Heimsoth fought in the Prussian Army during the closing years of the Great War. After the war he went on to study to be a doctor, but took in his spare time took part in right-wing armed uprisings in the Ruhr and Silesia with the Freikorps. In 1924 he wrote his dissertation on the subject of (quelle surprise!) homosexuality, which he called 'homophilia' (which etymologically is actually the correct term).
According to Wikipedia,
The thesis argued that in certain erotic and friendly relationships there are certain norms looked for and desired which are "the same". This homophilia can occur both in relationships between men and between women. In contrast, Heimsoth saw heterophilia as a relationship characterized by "the opposite"; considered well within the range of heterophilia are platonic relationships between an effeminate man and a masculine man. His interpretations of homosexuality and male friendship were based upon previous ideas, as developed in 1903 by Otto Weininger in Geschlecht und Charakter ("Sex and Character") and in 1919 by Hans Blüher in Die Rolle der Erotik in der männlichen Gesellschaft ("The Role of Eroticism in Male Society"). Heimsoth's reflections start with Blüher's theory on the central meaning of eroticism between men to society.Like Blüher, Heimsoth distanced himself from the creepy "third sex" weirdness of Magnus Hirschfeld, and again like Blüher he found a platform for his views about sex and politics in the pages of Der Eigene.
From Weininger, Heimsoth took the "law of the polar union" as an impulse of the sexual union and completed it with a second "law of the homopolar union". He basically tried to prove that a masculine man could want another masculine man, because there were esoteric and friendly connections in such a relationship which were not wanted nor looked for in the other sex, but rather in the same sex, as an opposite pole.

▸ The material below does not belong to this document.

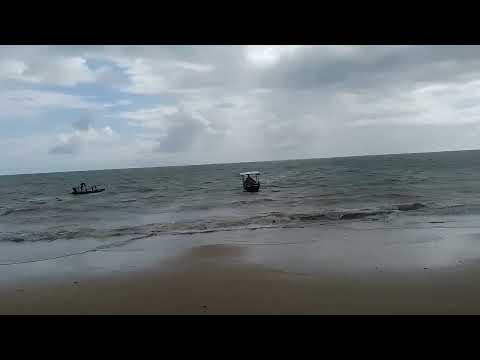 estor mostrando a praia da ilha que vai pra o carro quebrado na barra em Alagoas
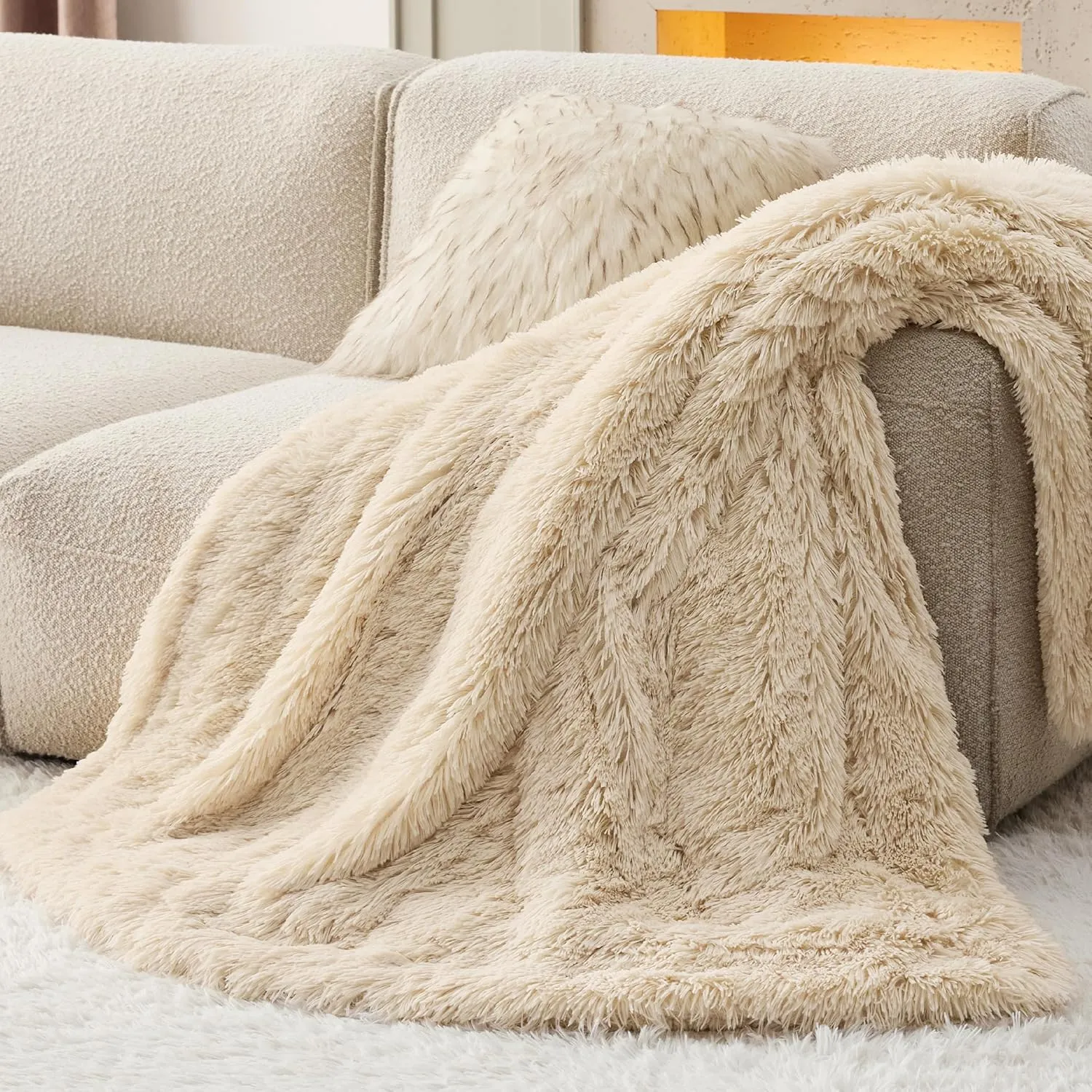 Bedsure Fluffy Beige Throw Blanket Gifts for Women, Kids, Soft Fleece Cozy Fuzzy Sherpa Plush Warm Minky Thick Faux Fur Throws for Couch, Bed, Beige Decor House Blanket Gifts for Mom Dad, 50x60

"All heroic and masculine love between friends" remains, "in his idea and possibilities of understanding[,] foreign to the Jewish spirit". Heimsoth's ideal was that of a whole man, virile and Aryan. Homoerotic friendships between men were to serve as a nexus of "obersten Machtaufgebot" (called higher power). Heimsoth thought that he could find examples of such heroes among the soldiers of World War I and among the Freikorps environment, as can be gathered from his 1925 publication in the magazine Der Eigene: in it he asked to be sent documentation to demonstrate the "circumstances and homoerotic relations in the Kampfwagen formations and secret societies" and wanted to obtain material "about heroism, the heroic leader problem and the psyche of the volunteers, the desperate, Landsknechte, Freikorps members, and secret societies".
Given the similarities between their ideologies, it was perhaps inevitable that Heimsoth would end up handing out in gay pick-up joints with Ernst Röhm. After the failed putsch in Munich, the old pervert had buggered off and written his memoirs, and Heimsoth, having read between the lines of Röhm's self-described "traitor's story" and detected a kindred spirit, wrote to him on the vexed question of parliament tightening up paragraph 175. (The Nazis were officially in favour.) Eventually the two of them got picked up by the Berlin Police, and their "intimate" letters to each other subsequently came to public attention.[Wikipedia]
Thanks to Röhm, of course, Heimsoth became not just a nutty esoteric right-winger but a full-blown (and I use that term advisedly) Nazi. According to the leftist Nazi Gregor Strasser, he was a "burning National Socialist", although he subsequently left the Party and joined first Strasser's radical Nazi "Black Front" (which along with the likes of Röhm and Goebbels, supported a "Second Revolution") and then, of all things, the German Communist Party. (Radical Nazism and Stalinist, is turns out, really aren't so very different.)
And of course by the time of the Night of the Long Knives there can't have been very many people who were sorry to see him go.
*I can't actually find any pictures of him on line, hence the silly illustration.